Artikel 133 (Verificatie vorderingen geschatte waarde)
Vorderingen, waarvan de waarde onbepaald, onzeker, niet in Nederlands geld of in het geheel niet in geld is uitgedrukt, worden geverifieerd voor hun geschatte waarde in Nederlands geld.
Uitleg in duidelijke taal
Vorderingen, waarvan de waarde onbepaald, onzeker, niet in Nederlands geld of in het geheel niet in geld is uitgedrukt, worden geverifieerd voor hun geschatte waarde in Nederlands geld.
Dit artikel stelt dat vorderingen waarvan de waarde niet duidelijk is bepaald (onbepaald), onzeker is, niet in Nederlands geld is uitgedrukt, of überhaupt niet in geld is uitgedrukt, worden geverifieerd (gecontroleerd en vastgesteld) voor hun geschatte waarde, die vervolgens wordt uitgedrukt in Nederlands geld.
Gerelateerde rechtspraak
ECLI:NL:HR:2013:BY6108
ECLI:NL:HR:2014:1681
ECLI:NL:HR:2018:424 - Credit Suisse/Jongepier: Verificatie van vorderingen ontstaan tijdens faillissement
Vorderingen die tijdens faillissement ontstaan uit een reeds bestaande rechtsverhouding zijn verifieerbaar, mits zij al besloten lagen in de rechtspositie van de schuldeiser bij faillietverklaring en geen inbreuk vormen op het fixatiebeginsel door de aanspraken van de schuldeiser uit te breiden.
ECLI:NL:HR:2021:1272 - Rente bij vereffening nalatenschap: fixatiebeginsel uit Faillissementswet niet van toepassing
Het fixatiebeginsel uit de Faillissementswet (art. 128 Fw), dat de rente op vorderingen stopt per faillietverklaring, is niet van overeenkomstige toepassing bij de vereffening van een nalatenschap. Rente over schulden van de nalatenschap loopt door en moet op de uitdelingslijst worden opgenomen.

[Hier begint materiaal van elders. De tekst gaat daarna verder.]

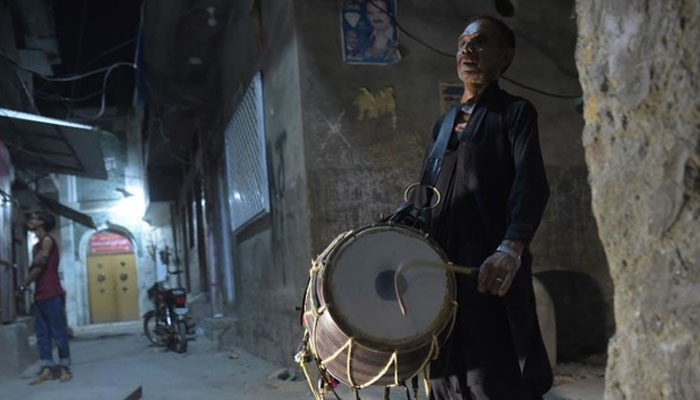 This image shows a man beating his drum as he makes calls at doors to wake up and eat your sehri morning meal before their fasting during Ramadan. — AFP/File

ECLI:NL:HR:2021:112 - Faillissementsakkoord bindt Staat ook bij niet-ingediende ontnemingsvordering
Een gehomologeerd faillissementsakkoord is op grond van artikel 157 Fw verbindend voor de Staat met een ontnemingsvordering, ook als de Staat deze vordering niet heeft ingediend. De resterende vordering wordt een niet-afdwingbare natuurlijke verbintenis.

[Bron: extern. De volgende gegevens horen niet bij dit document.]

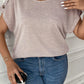 Relaxed fit plus size blouse with unique button accents on the shoulders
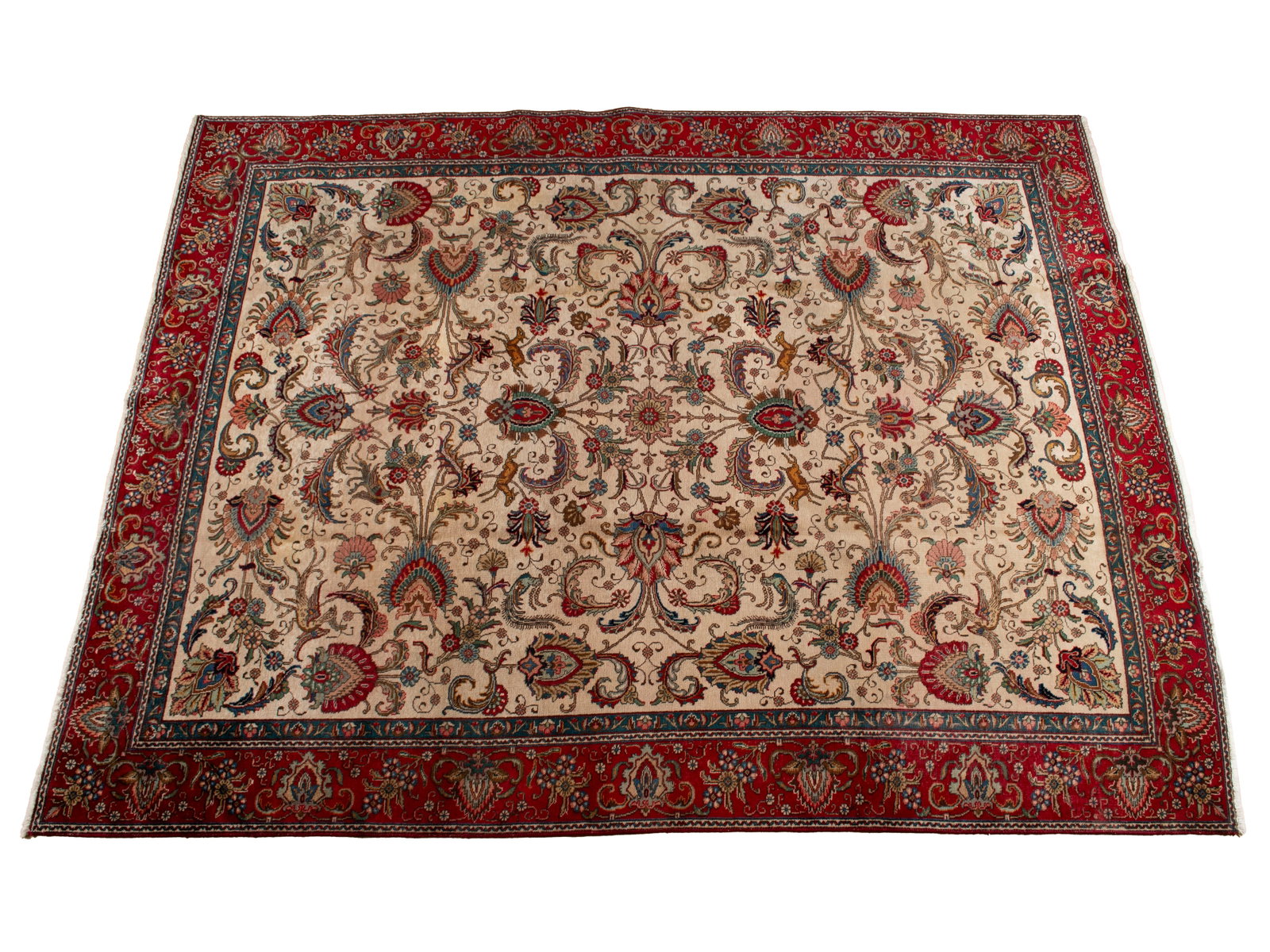 SAROUK ROOM RUG: SAROUK ROOM RUG Persian, 20th century. Colorful scrolling foliate vines cover the beige field showing a forest green outer border, wide red primary outer border. 12 ft. 3 in. x 9 ft. 3 in. (373.4 x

ECLI:NL:HR:2017:563 - Verwijderingsplicht curator geldt ook jegens exclusieve gebruiker van terrein
De Hoge Raad oordeelt dat niet alleen de eigenaar, maar ook een partij met een exclusief gebruiksrecht van een terrein van de curator kan verlangen dat deze de tot de boedel behorende zaken verwijdert. Deze verwijderingsplicht kwalificeert als een boedelschuld.